A Boeing 737-800 fuselage and 777 forward section were loaded and ready to go. A 737-900 fuselage was being prepared for loading for a trip by rail to Boeing’s plant in Renton, Wash. The shipment will be only three days later than planned, Turner said.
Cleanup has moved faster than first projected, he said. At first, the company had estimates of two or three weeks to get roofs covered up.
Turner praised Eby Construction, which brought in about 1,000 people – its own employees and subcontractors from around the country – this week.
“I don’t how many tons of debris (have been hauled out), but it’s a lot,” Turner said.

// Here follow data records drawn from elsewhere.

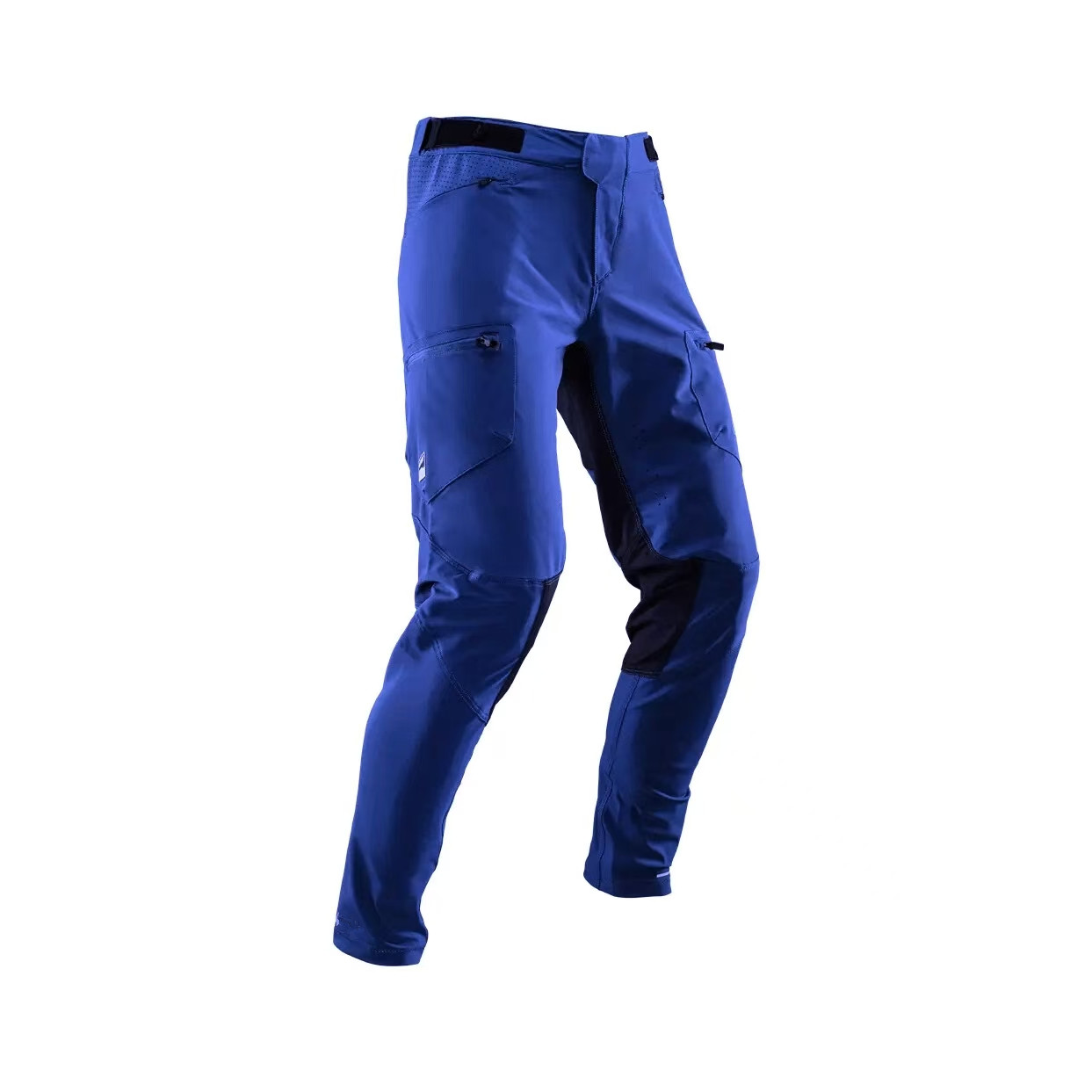 2026 FH Downhill MTB Pant Endu - đánh giá và giá Mountain Biking Quotes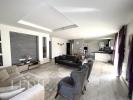 Acheter Maison 117 m2 Condom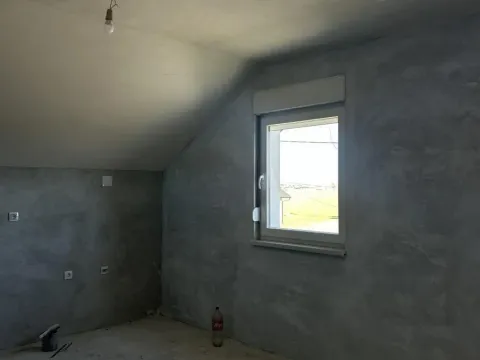 Prodaja, kuća, 160m², Begeč, Novi Sad Sve Podlokacije - image 25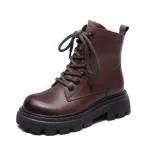 Shopifb Brown SP-11-03 3120B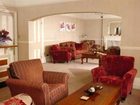 фото отеля Glen Garth Hotel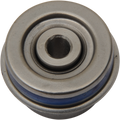 MOOSE RACING Water Pump Seal - Polaris 503004MSE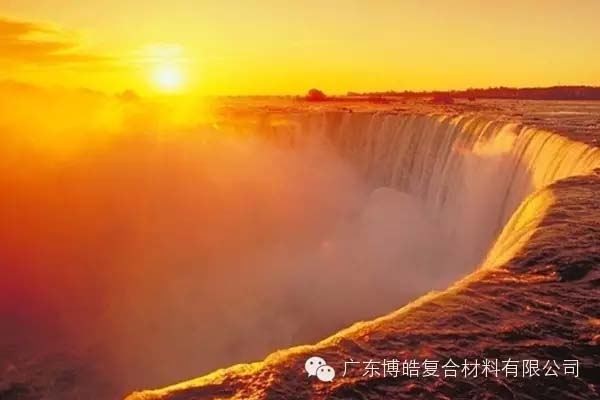【博皓課堂】趁年輕，多走幾個彎路沒什么不好！-7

Equipment has been tested and utilities restored.
“Our whole chilled water system was gone,” Turner said. Chilled water is used to cool large machines.
Inside Plant 2, silent since Saturday night, riveting once again pierced the air Friday where workers assembled 737 fuselage sections.
Other stations were silent, waiting on people to return next week.
While everyone will return Monday, Turner said not everything will be back to normal.
“It will be a little bit chaotic,” he said.
A key to returning to full production is to make sure parts, sealant, kits, fasteners and other supplies are available to feed the assembly lines, Turner said. Suppliers, which have continued to build parts for Spirit but were asked not to deliver them, have been told to resume deliveries.
It will take some time to make up for lost production.
“In some places, we lost seven days,” Turner said. “It’s going to take a tremendous effort by the team to recover that.”
Production rates, especially on Boeing’s popular 737 jetliner, are aggressive. Spirit has been building 35 737 fuselages a month and seven 777 forward sections, Turner said.
Stopping production for a week means it’s behind by nearly eight 737s and almost two 777 forward sections.
“There’s a lot of units there,” Turner said.
The company hasn’t worked through the full recovery plan with its customers yet, he said.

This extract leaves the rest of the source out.